The feds can’t address our nation’s shortage of skilled labor on their own. Private-sector firms — especially those in manufacturing — must also invest in training the next generation of workers. Indeed, without qualified staff fluent in the technology that runs today’s factories, manufacturers will not be able to survive.
Modern manufacturing is more than pulling levers and navigating forklifts throughout a plant. Consider the workflow of, say, an engineer at a facility making chairs.
In response to a new order, he’ll first use advanced mathematics to calculate the amount of steel that needs to be fed into the presser. He’ll have to choose the right combination of about half a dozen sheet types, each with a different weight, length, and thickness. Then he’ll operate, monitor, and perhaps fix the quarter-million-dollar machine that assembles the chairs. Even a minor mistake can yield major damage — and massive repair expenses.
Obviously, this requires an aptitude for mathematics and technology. Ironically, many folks with advanced college degrees would be lost in his place. For dozens of other skilled trade positions, including electromechanical maintenance specialists, injection molding technicians, and hand welders, the typical workday is similarly challenging.
These workers are rewarded for their efforts and their aptitude. A skilled machinist makes about $60,000 a year. Master welders can take home upwards of $200,000 annually.

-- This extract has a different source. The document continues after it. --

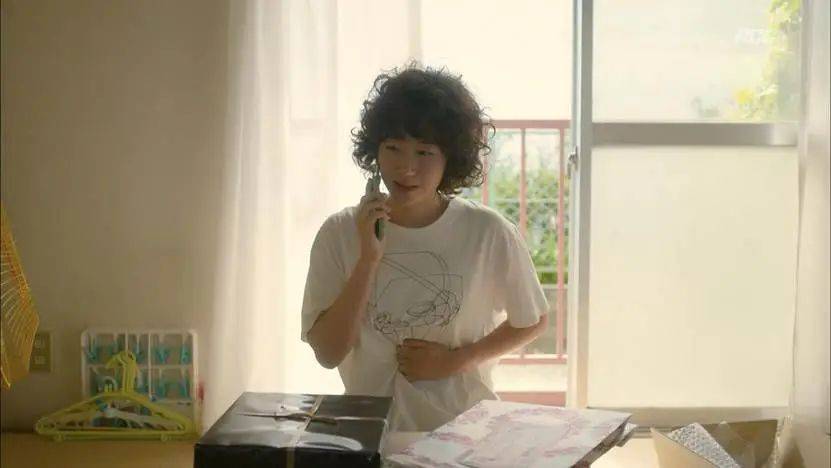 一个月只花30元<strong></p>
<p>原油视频</strong>，985毕业生挤满躺平赛道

With the potential for such high pay, why the dearth of skilled manufacturing staff? In part, it’s because aspiring workers don’t have the opportunity to develop the skills that lead to those lofty paychecks.
Vocational programs have been dying in schools. Between 1987 and 2010, the share of students enrolled in at least one technical education course in California dropped from 75 percent to just 29 percent. The Los Angeles unified school district has eliminated 90 percent of its shop classes.
Employers used to be able to bring inexperienced hires up to speed with on-the-job training. But as manufacturing has become more technologically sophisticated, the training needed to master a trade has grown too expensive and time-consuming for private industry to provide it.
Fortunately, many manufacturers, technical schools, and local and state governments have teamed up to help narrow the skills gap.
In Wisconsin, state leaders have included over $100 million for worker training in the 2013-15 budget. The Wisconsin Youth Apprenticeship initiative has already enrolled more than 1,200 high school students. Another 500 will soon join them, thanks to legislation signed late last year by Governor Scott Walker.
Meanwhile, many of Wisconsin’s 9,400 manufacturers have partnered with secondary and post-secondary schools to offer hands-on apprenticeship programs. As part of an effort led by the Northeast Wisconsin (NEW) Manufacturing Alliance, my company, Green Bay-based KI Furniture, has brought in over 1,000 local students for plant tours and internships.
Wisconsin’s manufacturing industry now contributes about $50 billion to the state’s GDP. Wisconsin’s manufacturers grew at the seventh-best clip in the nation between 2012 and 2013 — adding more than 13,000 jobs in the process.
There’s a common perception that American manufacturing is in decline. Nothing could be further from the truth.
Instead, a shortage of qualified workers is holding American manufacturing back. Our nation’s public- and private-sector leaders must invest in closing that skills gap. If they do, an American industrial renaissance will follow.